Even on E85 or race fuel, MOST people tend to want it tuned to borderline knock. I would agree if you leave a few degrees of flexibility on the table, but if you run it out to what the fuel will allow (at a given temp) then having cooler IAT's simply helps to ensure you don't run into scenarios where you heat soak and smoke the motor.

Go watch Stangmode's video where he smokes his high dollar L&M motor because he hot laps it.

Like most people, I dyno'd from a fairly cold condition (the intercooler system hadn't reached steady/warm state) and so my IAT's even in a very hot shop were really great for the whole rip.

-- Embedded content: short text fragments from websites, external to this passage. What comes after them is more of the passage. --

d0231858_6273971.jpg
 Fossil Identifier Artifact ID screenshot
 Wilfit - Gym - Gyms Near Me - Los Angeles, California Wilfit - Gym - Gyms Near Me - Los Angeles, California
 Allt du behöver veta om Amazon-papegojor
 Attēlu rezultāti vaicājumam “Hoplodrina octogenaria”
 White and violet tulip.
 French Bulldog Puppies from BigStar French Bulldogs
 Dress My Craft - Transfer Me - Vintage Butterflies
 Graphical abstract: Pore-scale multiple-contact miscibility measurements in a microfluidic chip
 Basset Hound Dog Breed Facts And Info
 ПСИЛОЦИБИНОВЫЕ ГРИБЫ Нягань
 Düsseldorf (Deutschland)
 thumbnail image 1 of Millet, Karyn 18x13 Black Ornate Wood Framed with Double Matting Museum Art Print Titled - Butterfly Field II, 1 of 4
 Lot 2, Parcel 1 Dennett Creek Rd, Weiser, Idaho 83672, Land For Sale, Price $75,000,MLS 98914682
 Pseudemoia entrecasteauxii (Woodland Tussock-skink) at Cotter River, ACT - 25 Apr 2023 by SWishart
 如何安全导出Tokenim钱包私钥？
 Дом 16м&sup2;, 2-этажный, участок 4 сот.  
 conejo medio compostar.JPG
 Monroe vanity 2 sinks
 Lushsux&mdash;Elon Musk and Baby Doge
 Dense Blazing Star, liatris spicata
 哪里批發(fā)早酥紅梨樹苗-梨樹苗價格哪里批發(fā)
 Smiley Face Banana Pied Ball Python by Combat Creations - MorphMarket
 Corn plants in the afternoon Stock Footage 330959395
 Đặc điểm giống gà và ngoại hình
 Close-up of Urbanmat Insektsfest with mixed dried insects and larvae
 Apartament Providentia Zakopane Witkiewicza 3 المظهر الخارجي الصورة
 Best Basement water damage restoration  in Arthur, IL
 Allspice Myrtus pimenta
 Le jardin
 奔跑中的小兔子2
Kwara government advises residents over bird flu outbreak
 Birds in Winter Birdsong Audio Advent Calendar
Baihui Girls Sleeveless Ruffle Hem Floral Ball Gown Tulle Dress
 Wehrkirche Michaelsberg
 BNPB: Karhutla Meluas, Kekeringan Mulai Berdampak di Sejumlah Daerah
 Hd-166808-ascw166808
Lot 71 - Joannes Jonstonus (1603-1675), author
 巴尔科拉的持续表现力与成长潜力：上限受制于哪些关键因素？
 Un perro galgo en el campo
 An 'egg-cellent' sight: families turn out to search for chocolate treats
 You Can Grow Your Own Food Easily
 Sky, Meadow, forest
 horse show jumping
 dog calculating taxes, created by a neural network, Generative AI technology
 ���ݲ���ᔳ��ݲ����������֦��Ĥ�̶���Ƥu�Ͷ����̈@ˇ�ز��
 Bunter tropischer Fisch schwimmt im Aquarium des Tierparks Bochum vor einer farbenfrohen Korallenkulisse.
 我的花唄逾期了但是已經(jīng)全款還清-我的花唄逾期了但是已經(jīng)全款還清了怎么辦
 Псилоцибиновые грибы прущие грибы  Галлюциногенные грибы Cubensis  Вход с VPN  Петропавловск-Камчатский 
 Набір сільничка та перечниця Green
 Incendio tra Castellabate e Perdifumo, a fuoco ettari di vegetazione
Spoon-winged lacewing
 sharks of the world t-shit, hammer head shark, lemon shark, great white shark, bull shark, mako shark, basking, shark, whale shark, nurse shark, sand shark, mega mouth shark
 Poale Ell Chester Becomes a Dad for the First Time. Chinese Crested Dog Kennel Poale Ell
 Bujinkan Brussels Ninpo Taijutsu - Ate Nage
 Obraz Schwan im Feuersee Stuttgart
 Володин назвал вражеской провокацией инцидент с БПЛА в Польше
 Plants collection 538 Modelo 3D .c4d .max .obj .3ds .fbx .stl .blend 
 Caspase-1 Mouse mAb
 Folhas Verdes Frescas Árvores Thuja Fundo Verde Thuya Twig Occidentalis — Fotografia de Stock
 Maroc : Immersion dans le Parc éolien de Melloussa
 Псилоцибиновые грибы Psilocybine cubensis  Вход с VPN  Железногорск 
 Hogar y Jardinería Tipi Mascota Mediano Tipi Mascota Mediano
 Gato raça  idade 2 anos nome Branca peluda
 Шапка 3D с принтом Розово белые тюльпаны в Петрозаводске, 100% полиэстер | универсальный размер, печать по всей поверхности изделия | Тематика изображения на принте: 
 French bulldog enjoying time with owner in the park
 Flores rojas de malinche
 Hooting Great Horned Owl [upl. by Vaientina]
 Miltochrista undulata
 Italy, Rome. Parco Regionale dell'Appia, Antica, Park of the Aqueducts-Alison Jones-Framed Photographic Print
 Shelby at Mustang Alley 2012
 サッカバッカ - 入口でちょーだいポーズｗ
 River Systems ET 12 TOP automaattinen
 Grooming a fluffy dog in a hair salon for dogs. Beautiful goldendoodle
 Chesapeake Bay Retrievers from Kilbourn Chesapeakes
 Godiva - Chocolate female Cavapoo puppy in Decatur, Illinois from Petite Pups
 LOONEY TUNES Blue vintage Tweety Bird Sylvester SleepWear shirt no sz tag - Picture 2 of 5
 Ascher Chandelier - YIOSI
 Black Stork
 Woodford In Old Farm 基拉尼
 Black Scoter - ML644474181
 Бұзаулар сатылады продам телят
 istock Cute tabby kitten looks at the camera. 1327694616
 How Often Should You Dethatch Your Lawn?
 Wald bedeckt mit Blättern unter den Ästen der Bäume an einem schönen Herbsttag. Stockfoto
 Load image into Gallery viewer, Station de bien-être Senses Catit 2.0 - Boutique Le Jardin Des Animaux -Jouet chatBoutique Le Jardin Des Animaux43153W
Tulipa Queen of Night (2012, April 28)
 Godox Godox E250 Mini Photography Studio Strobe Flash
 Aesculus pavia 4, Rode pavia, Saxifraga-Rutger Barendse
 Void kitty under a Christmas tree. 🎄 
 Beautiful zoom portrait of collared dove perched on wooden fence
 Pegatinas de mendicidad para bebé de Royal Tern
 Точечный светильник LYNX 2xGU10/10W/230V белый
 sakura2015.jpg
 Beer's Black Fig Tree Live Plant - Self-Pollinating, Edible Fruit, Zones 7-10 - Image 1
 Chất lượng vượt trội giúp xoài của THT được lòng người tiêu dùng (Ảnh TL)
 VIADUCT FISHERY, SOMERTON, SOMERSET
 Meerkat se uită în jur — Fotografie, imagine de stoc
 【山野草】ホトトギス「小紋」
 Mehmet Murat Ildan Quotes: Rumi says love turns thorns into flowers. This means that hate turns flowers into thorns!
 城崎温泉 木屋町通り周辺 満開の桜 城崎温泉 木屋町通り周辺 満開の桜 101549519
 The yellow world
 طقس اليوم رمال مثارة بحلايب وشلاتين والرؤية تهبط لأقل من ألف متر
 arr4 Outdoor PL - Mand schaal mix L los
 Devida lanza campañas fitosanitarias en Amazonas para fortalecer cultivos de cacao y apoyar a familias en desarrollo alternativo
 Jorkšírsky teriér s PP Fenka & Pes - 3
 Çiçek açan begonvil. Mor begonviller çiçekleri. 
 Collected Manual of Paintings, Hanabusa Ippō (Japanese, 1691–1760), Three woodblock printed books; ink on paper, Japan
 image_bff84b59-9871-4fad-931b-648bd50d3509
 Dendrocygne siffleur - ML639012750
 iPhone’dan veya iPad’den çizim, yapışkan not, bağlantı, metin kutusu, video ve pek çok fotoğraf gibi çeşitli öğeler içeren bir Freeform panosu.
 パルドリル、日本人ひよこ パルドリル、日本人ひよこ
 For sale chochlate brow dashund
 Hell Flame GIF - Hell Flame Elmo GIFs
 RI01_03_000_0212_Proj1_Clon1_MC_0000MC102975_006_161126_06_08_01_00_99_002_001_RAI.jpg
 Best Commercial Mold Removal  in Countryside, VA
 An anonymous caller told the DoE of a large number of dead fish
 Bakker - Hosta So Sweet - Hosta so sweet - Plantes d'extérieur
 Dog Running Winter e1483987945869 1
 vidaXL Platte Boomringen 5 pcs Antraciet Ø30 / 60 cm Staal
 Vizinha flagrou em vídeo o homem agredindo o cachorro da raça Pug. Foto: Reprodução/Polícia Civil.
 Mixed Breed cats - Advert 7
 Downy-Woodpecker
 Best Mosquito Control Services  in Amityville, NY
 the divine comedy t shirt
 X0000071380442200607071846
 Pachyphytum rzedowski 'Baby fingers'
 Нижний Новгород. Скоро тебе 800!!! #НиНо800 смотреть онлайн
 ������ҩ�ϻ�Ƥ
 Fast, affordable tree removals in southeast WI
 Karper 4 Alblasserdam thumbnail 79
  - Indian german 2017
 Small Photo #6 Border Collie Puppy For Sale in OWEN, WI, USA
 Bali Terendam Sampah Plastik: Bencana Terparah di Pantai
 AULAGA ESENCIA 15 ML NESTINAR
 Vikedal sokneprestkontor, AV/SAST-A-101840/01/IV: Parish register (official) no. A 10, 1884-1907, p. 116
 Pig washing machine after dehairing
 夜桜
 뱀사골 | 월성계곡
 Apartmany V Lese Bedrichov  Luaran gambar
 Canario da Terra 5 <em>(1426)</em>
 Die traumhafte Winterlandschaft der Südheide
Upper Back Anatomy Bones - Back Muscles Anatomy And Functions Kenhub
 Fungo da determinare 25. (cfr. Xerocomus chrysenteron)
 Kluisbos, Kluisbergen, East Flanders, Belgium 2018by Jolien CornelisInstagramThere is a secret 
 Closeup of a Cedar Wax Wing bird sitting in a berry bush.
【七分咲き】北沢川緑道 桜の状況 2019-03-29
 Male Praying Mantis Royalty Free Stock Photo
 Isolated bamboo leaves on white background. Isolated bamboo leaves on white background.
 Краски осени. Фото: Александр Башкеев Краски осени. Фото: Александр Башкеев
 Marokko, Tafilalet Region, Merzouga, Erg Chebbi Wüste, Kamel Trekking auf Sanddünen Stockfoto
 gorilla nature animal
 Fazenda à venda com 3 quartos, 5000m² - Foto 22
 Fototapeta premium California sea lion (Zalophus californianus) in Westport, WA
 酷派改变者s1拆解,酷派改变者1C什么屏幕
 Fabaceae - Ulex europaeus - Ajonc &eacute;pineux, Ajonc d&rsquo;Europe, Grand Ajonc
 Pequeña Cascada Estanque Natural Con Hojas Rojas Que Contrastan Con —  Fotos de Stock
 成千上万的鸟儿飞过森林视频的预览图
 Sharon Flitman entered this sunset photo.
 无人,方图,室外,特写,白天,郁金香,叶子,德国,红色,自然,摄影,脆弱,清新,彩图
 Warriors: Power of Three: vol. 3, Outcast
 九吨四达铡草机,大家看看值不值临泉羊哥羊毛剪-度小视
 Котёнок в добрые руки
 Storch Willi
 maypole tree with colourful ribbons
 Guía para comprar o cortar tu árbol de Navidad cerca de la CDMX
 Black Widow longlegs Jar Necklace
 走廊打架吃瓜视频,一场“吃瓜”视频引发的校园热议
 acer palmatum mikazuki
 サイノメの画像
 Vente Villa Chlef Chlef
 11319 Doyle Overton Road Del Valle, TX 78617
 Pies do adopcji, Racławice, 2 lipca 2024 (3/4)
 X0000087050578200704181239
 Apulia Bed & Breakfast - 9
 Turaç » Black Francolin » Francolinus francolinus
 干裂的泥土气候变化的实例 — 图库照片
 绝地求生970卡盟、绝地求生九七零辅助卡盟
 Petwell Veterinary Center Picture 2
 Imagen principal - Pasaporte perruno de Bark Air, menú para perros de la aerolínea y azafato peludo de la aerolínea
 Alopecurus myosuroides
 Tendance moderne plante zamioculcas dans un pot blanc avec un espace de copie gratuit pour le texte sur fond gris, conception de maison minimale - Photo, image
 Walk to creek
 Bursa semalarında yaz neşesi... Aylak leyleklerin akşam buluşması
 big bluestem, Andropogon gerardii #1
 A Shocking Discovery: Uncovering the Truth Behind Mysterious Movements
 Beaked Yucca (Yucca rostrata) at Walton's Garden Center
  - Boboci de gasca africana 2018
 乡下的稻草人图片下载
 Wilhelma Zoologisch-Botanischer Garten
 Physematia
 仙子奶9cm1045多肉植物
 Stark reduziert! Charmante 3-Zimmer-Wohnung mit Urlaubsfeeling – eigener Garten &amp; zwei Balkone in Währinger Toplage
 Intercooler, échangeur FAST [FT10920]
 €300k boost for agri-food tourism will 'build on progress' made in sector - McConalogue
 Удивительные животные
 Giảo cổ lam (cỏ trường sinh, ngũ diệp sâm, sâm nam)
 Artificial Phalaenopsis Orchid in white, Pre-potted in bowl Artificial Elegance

In reality, we should have probably heat soaked the car and tuned it to keep it safer.

Having the interchiller helps keep IAT's lower and helps it to recover for sustained or consecutive rips.

The Dodge crowd has been enjoying this setup for years. While I agree that it's more of a concern with 93, even E85 isn't infallible if you flog it hard enough, back to back to back in hot conditions. I don't like to do a rip and then have to wait to bring temps back down again, I wanna go again, immediately. At 12:1 compression with 19 psi on hot South Florida days, it's enough concern for me to want to add some more insurance to protect my investment.
Yes, hot lapping is a whole different scenario. Absolutely. Hot lapping on the drag strip is also great for stock slow cars. If you need to hot lap, you need to get the setup doing what it can within a run or 2. No hot lapping needed. it’s just wasted abuse really.

I’d rather give a proper cooldown than adding an entire interchiller apparatus on the car, with more potential things to leak/fail etc. Thats just me. KISS.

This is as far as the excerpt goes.